Pet Planning Options After Owner’s Death
“The most basic level would be a pet agreement,” Moser says. “That is formalizing a request for someone to take care of your pet upon your death with a contract between both parties.”
The second tier is adding your pet to your will. “You could say in your will, for example, ‘I want so and so to have my pet, and I’m setting aside $5,000 for that care in a one-time transfer upon my death,”’ Moser says. “The problem, of course, is that there is no guarantee that the money will actually be used in that manner, as there is no ongoing court oversight after the transfer takes place. If you’ve chosen the right person, you hope that they do the right thing.”
The safest option is a pet trust. “With a pet trust, you have named a caretaker, a backup caretaker, even a third backup if you so desire,” Moser says. “The caretaker is going to be the person who provides the actual care for your pet, but then you have a trustee of the trust, who is not the same person as the caretaker, which offers a system of checks and balances to ensure the trust is running the way you wished it to.”
And if the trust outlives the animal?
“If your pet dies and there is anything left over in the trust, the residuary can pass to loved ones, or you can arrange to donate it to an animal shelter or any charity of your choice,” Moser says.
You can also plan in the event of your incapacitation, or, Moser says, for something as basic as care of your pet while you’re on vacation.
“We can incorporate a clause in a financial power of attorney that authorizes an agent to seek and obtain veterinary care for a pet, which can be effective immediately upon signing. That would enable the agent to seek care for that pet if, say, the principal is on vacation,” Moser notes. Alternately, she can help clients with a springing power of attorney, a document that becomes effective upon a principal’s incapacity.
Moser admits it might sound a little outlandish to the uninitiated, but the statistics tell a different story.
“In 2017, the pet industry in this country was valued at $70 billion,” she says. “But just last year, it reached $104 billion. The amount of money that people are spending on their pets in this country continues to rise, as does pet ownership—68 percent of households have a pet, so we’re talking about millions and millions of pets in America right now.”
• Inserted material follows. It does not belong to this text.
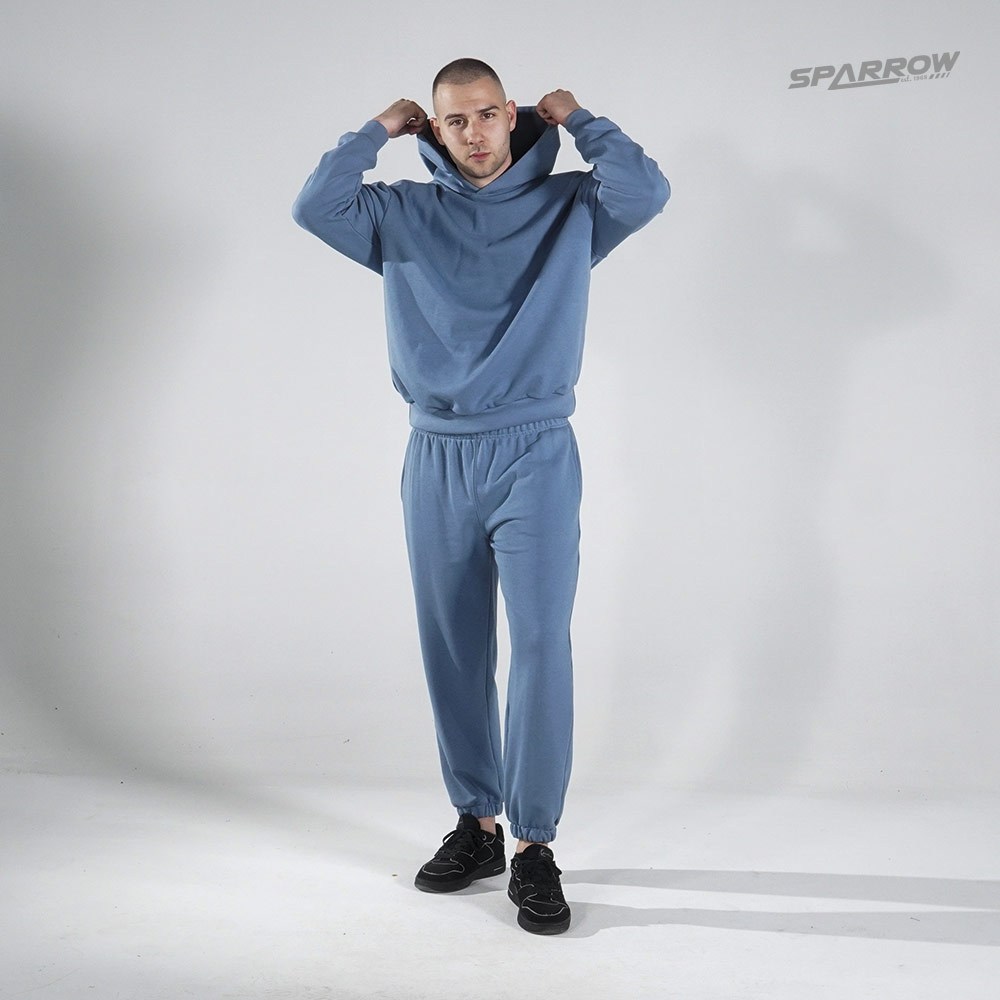 Oversized hoodie with hood and bottoms - men's (thin material)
And perhaps most telling, Moser notes, is that as the country’s birth rate decreases, pet ownership increases. “Looking at this from a generational aspect, people are considering their pets as if they are akin to children, relative to 50 years ago, when your dog was out on the farm and slept in the barn,” Moser says.
When to Start Estate Planning
So when’s the best time to get your estate planning—for your pets and otherwise—in order?
“Yesterday,” Moser says. “No matter your age, finances or health. The amount of time and funds it takes to have your estate planning documents in order is miniscule in comparison to the emotional exhaustion your loved ones could have to go through in court to gain legal authority over your person or your estate in the event of your incapacity. You never know when something might happen. Estate planning is so important for you, but it’s also an incredible gift to your family and loves ones to have your affairs in order.”
As for Moser’s rescued Carolina Dog, Miss Magnolia, she’s taken care of. “She has her own pet trust,” Moser says.
If you have any questions about how best to include your furry friends in your estate planning documents, an experienced Virginia estate planning attorney can help. For more information about this area, see our overviews of animal law, estate planning, trusts and wills.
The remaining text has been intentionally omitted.